[EXERCISE BRIEF]
Retype the entries, please, from their first line to the line containing "las instituciones políticas", exactly and only those lines, minus the pictures.

[THE DATA]

BEGIN

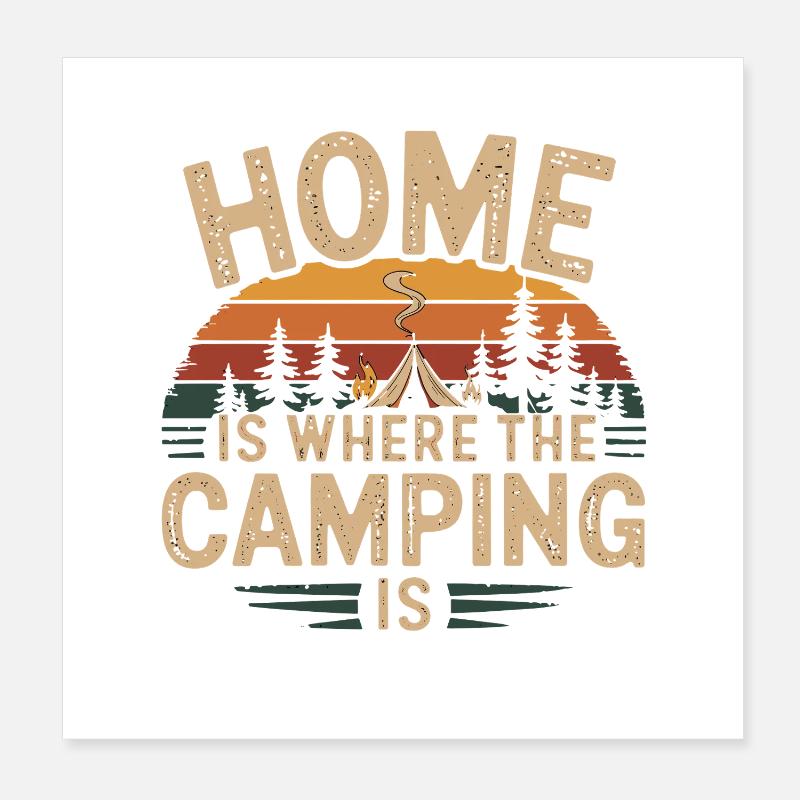 La maison, c’est là où le camping est le camping Spruch Poster 20 x 20 cm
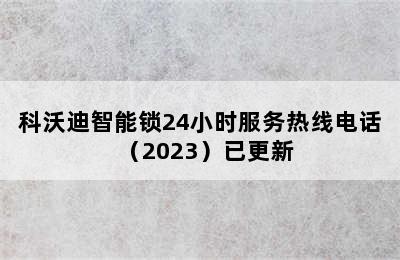 科沃迪智能锁24小时服务热线电话（2023）已更新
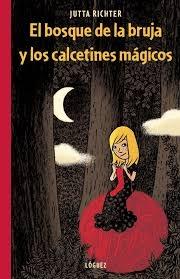 El bosque de la bruja y los calcetines mágicos. El bosque de la bruja y los calcetines mágicos.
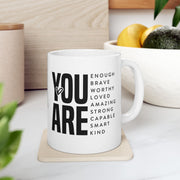 Inspirational Ceramic Mug - 'You Are Worthy' Coffee Cup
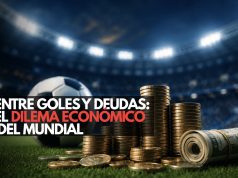 Entre goles y deudas: el dilema económico del Mundial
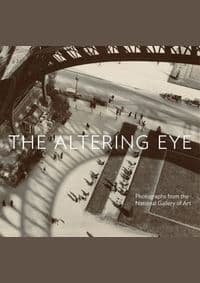 The Altering Eye - Sarah Greenough, Thames & Hudson Ltd 1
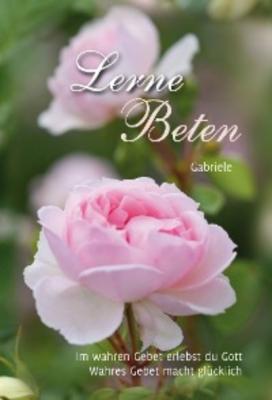 Lerne Beten - Gabriele 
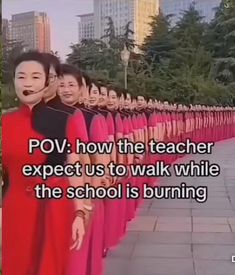 an image of people standing in line with the caption pov how the teacher expect us to walk while the school is burning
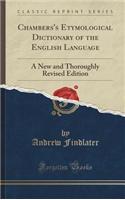 Chambers's Etymological Dictionary of the English Language: A New and Thoroughly Revised Edition (Classic Reprint)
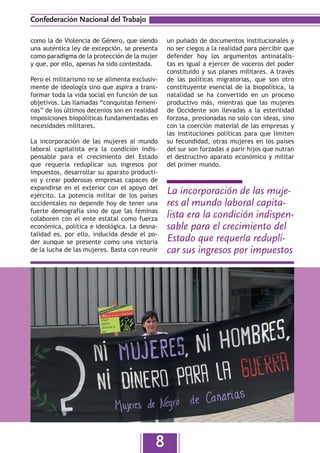 Confederación Nacional del Trabajo

como la de Violencia de Género, que siendo     un puñado de documentos institucionales y
una auténtica ley de excepción, se presenta    no ser ciegos a la realidad para percibir que
como paradigma de la protección de la mujer    defender hoy los argumentos antinatalis-
y que, por ello, apenas ha sido contestada.    tas es igual a ejercer de voceros del poder
                                               constituido y sus planes militares. A través
Pero el militarismo no se alimenta exclusiv-   de las políticas migratorias, que son otro
mente de ideología sino que aspira a trans-    constituyente esencial de la biopolítica, la
formar toda la vida social en función de sus   natalidad se ha convertido en un proceso
objetivos. Las llamadas “conquistas femeni-    productivo más, mientras que las mujeres
nas” de los últimos decenios son en realidad   de Occidente son llevadas a la esterilidad
imposiciones biopolíticas fundamentadas en     forzosa, presionadas no solo con ideas, sino
necesidades militares.                         con la coerción material de las empresas y
                                               las instituciones políticas para que limiten
La incorporación de las mujeres al mundo       su fecundidad, otras mujeres en los países
laboral capitalista era la condición indis-    del sur son forzadas a parir hijos que nutran
pensable para el crecimiento del Estado        el destructivo aparato económico y militar
que requería reduplicar sus ingresos por       del primer mundo.
impuestos, desarrollar su aparato producti-
vo y crear poderosas empresas capaces de
expandirse en el exterior con el apoyo del
ejército. La potencia militar de los países
                                               La incorporación de las muje-
occidentales no depende hoy de tener una       res al mundo laboral capita-
fuerte demografía sino de que las féminas
colaboren con el ente estatal como fuerza      lista era la condición indispen-
económica, política e ideológica. La desna-    sable para el crecimiento del
talidad es, por ello, inducida desde el po-
der aunque se presente como una victoria       Estado que requería redupli-
de la lucha de las mujeres. Basta con reunir   car sus ingresos por impuestos




                                           8
 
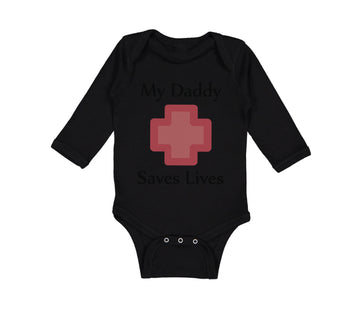 Long Sleeve Bodysuit Baby My Daddy Saves Lives Emt Paramedic Dad Father's Day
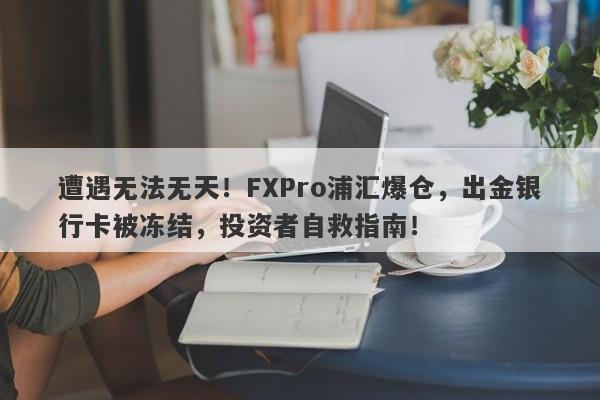 遭遇无法无天！FXPro浦汇爆仓，出金银行卡被冻结，投资者自救指南！-第1张图片-要懂汇圈网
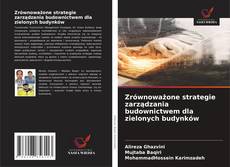 Buchcover von Zrównoważone strategie zarządzania budownictwem dla zielonych budynków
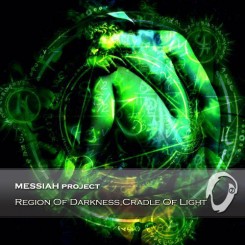 Messiah Project - Region Of Darkness, Cradle Of Light (2014).jpg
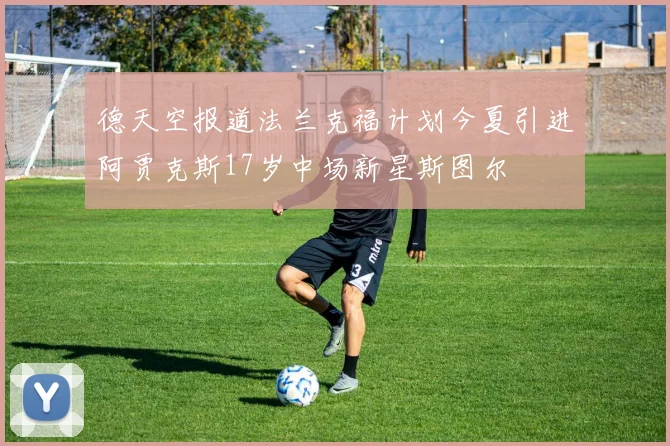 德天空报道法兰克福计划今夏引进阿贾克斯17岁中场新星斯图尔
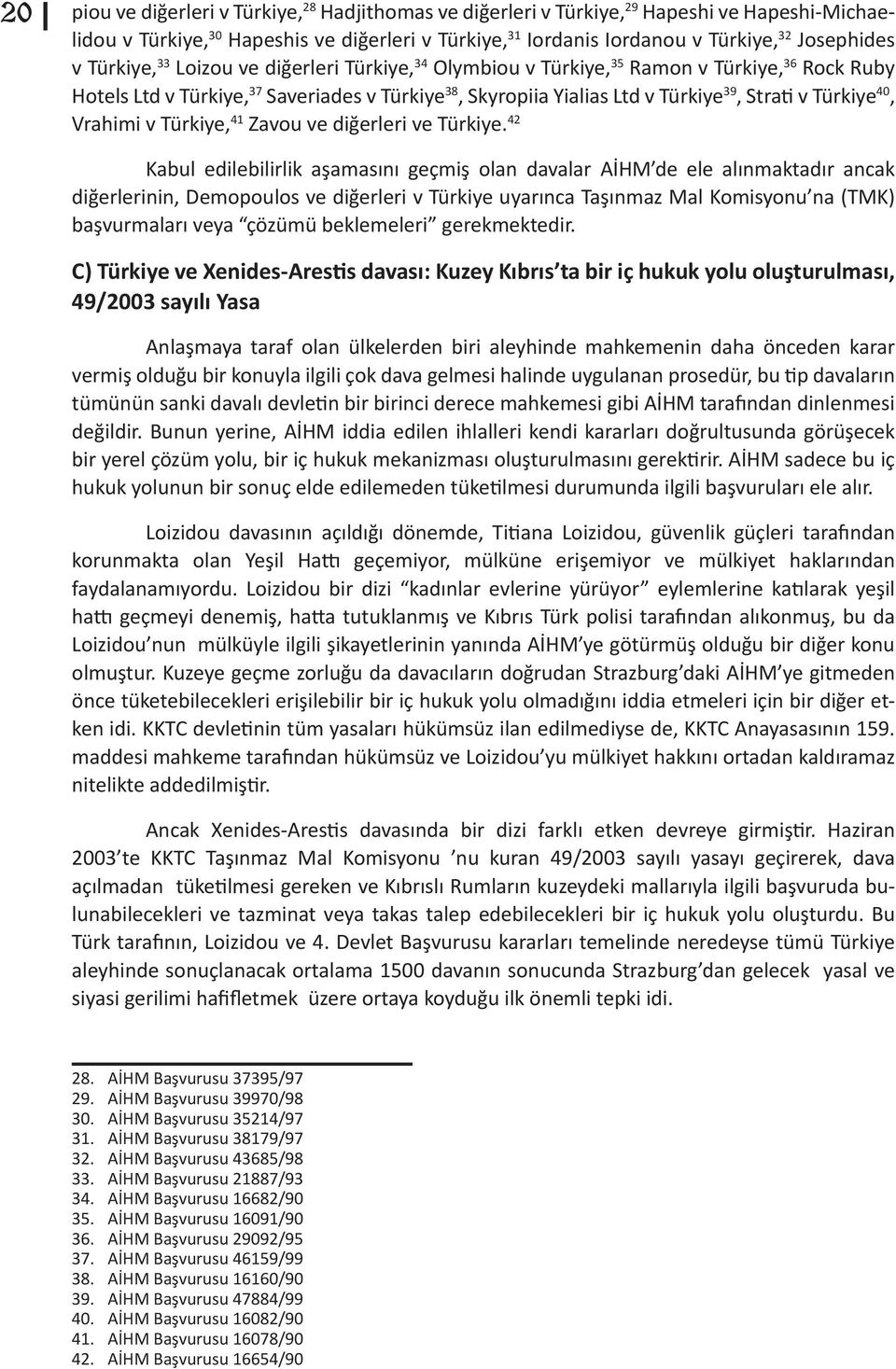 40, Vrahimi v Türkiye, 41 Zavou ve diğerleri ve Türkiye.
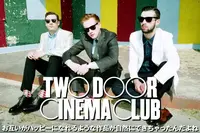 TWO DOOR CINEMA CLUB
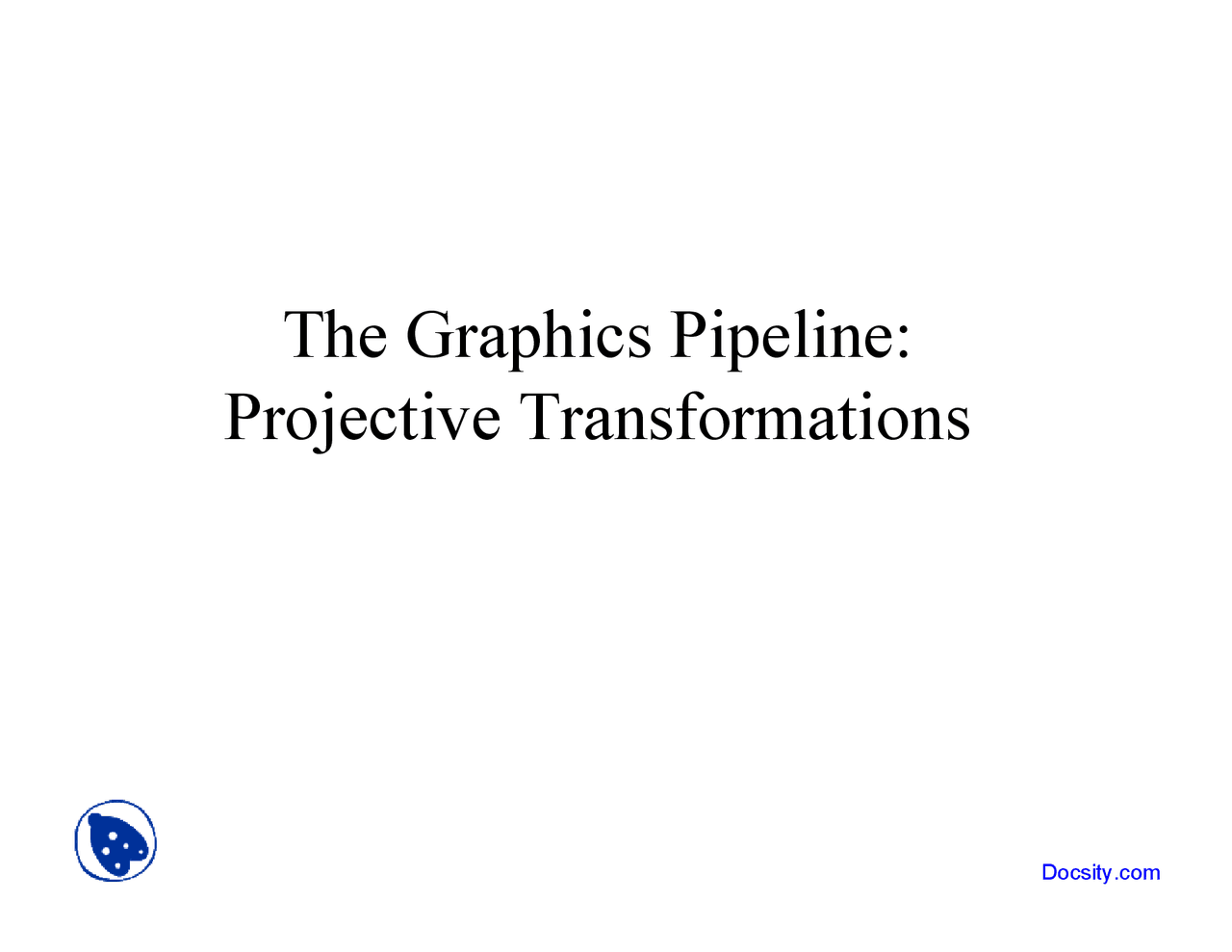 Graphics Pipeline - Computer Graphics - Lecture Slides - Docsity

END

[RESULT OF THIS TASK]
 La maison, c’est là où le camping est le camping Spruch Poster 20 x 20 cm
 科沃迪智能锁24小时服务热线电话（2023）已更新
 El bosque de la bruja y los calcetines mágicos. El bosque de la bruja y los calcetines mágicos.
 Inspirational Ceramic Mug - 'You Are Worthy' Coffee Cup
 Entre goles y deudas: el dilema económico del Mundial
 The Altering Eye - Sarah Greenough, Thames & Hudson Ltd 1
 Lerne Beten - Gabriele 
 an image of people standing in line with the caption pov how the teacher expect us to walk while the school is burning
 Chambers's Etymological Dictionary of the English Language: A New and Thoroughly Revised Edition (Classic Reprint)
 Confederación Nacional del Trabajo

como la de Violencia de Género, que siendo     un puñado de documentos institucionales y
una auténtica ley de excepción, se presenta    no ser ciegos a la realidad para percibir que
como paradigma de la protección de la mujer    defender hoy los argumentos antinatalis-
y que, por ello, apenas ha sido contestada.    tas es igual a ejercer de voceros del poder
                                               constituido y sus planes militares. A través
Pero el militarismo no se alimenta exclusiv-   de las políticas migratorias, que son otro
mente de ideología sino que aspira a trans-    constituyente esencial de la biopolítica, la
formar toda la vida social en función de sus   natalidad se ha convertido en un proceso
objetivos. Las llamadas “conquistas femeni-    productivo más, mientras que las mujeres
nas” de los últimos decenios son en realidad   de Occidente son llevadas a la esterilidad
imposiciones biopolíticas fundamentadas en     forzosa, presionadas no solo con ideas, sino
necesidades militares.                         con la coerción material de las empresas y
                                               las instituciones políticas para que limiten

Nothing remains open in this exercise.